Perry menekankan bank harus ikut andil untuk mendorong pemulihan ekonomi nasional. Pelonggaran kuantitatif telah dilakukan BI melalu sejumlah langkah. Salah satunya, penurunan giro wajib minimum 300 bps menjadi 3,5%. Berdasarkan data BI, pelonggaran GWM ini telah menambah lebih dari Rp 500 triliun likuiditas di perbankan.
Stimulus kebijakan moneter akan berlanjut pada tahun depan. BI akan memastikan stabilitas nilai tukar rupiah. Suku bunga acuan juga tetap akan rendah hingga ada tanda-tanda tekanan inflasi meningkat.

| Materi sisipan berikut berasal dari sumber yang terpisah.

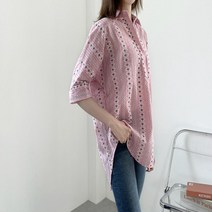 여자 자수 반팔 에스닉 튜닉기장 면남방 블라우스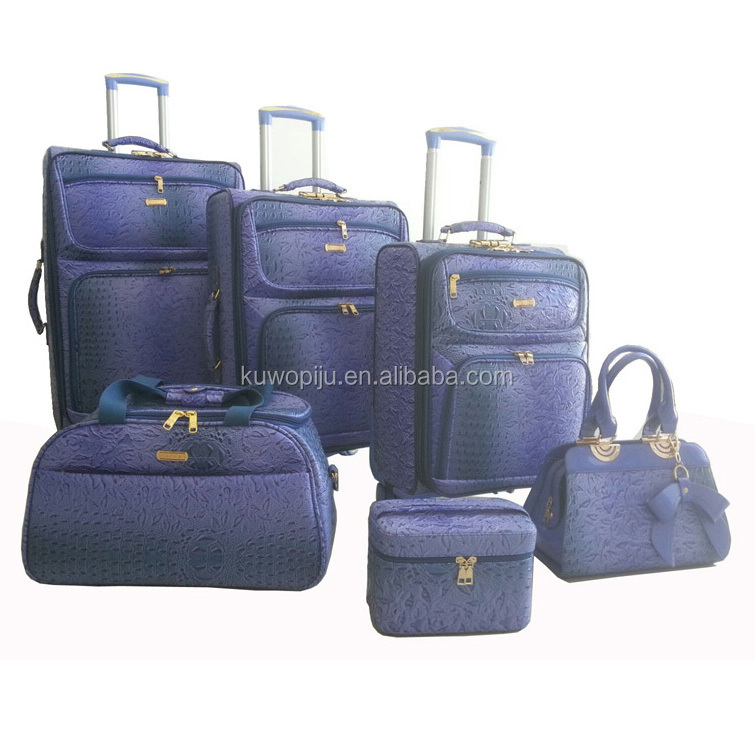 5 pcs 4 wheels crocodile leather suitcase set pu leather travel luggage suitcase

"Likuiditas akan tetap longgar untuk mendukung penyaluran kredit perbankan pada tahun depan," kata Perry.
Bank Indonesia juga akan melanjutkan sinergi stimulus moneter-fisikal dalam rangka pembiayaan APBN pada 2021 melalui mekanisme burden sharing. Namun, pembelian SBN di pasar perdana akan terbatas sebagai non-competitive bidder. Pembelian SBN secara langsung hanya berlaku untuk APBN 2020.
"BI telah membeli SBN dari pasar perdana 72,5 triliun, pembelian SBN secara langsung untuk pembelian barang publik sebesar Rp 297 triliun, sehingga secara total BI telah membeli SBN Rp 369,5 triliun," katanya.
Perry menegaskan kebijakan burden sharing merupakan bagian dari komitmen BI untuk mendukung pemulihan ekonomi meski berdampak besar pada keuangan bank sentral tahun depan dan tahun-tahun ke depan.
Bank sentral juga memastikan kebijakan makroprudensial juga akan tetap akomodatif, Rasio countercyclical buffer dipertahankan 0%, Rasio Intermediasi Makroprudensil sebesar 84% hingga 94%, rasio Penyangga Likuiditas Makroprudensial sebesar 6%, pelonggaran LTV dan uang muka, serta insentif untuk mendorong UMKM dan ekspor.
"Untuk mendorong UMKM,BI akan mengeluarkan rasio pembiayaan inklusif makroprudensial, memberikan insentif bagi bank yang mendorong UMKM dan sektor prioritas, serta pengembangan sekuritisasi kredit UMKM," katanya.
Kepala Ekonom BCA David Sumual sebelumnya menjelaskan, kebijakan moneter hanya berfungsi untuk menggiring perekonomian. Dorongan terhadap perekonomian akan lebih besar dengan pemberian stimulus fiskal. "Sehingga perlu dioptimalisasi lagi di tahun depan," kata David pertengahan bulan lalu.
David memperkirakan, tansmisi penurunan bunga kredit masih akan berlanjut hingga tahun depan. Hal ini seiring dengan kondisi ekonomi yang diharapkan membaik sehingga risiko kredit pun dapat menurun. Kendati demikian, menurut dia, ruang BI untuk kembali memangkas suku bunga acuan ke depan sangat terbatas.
"Ruang penurunan sudah sangat terbatas karena inflasi pada tahun depan berpotensi meningkat seiring ekonomi yang mulai pulih," katanya.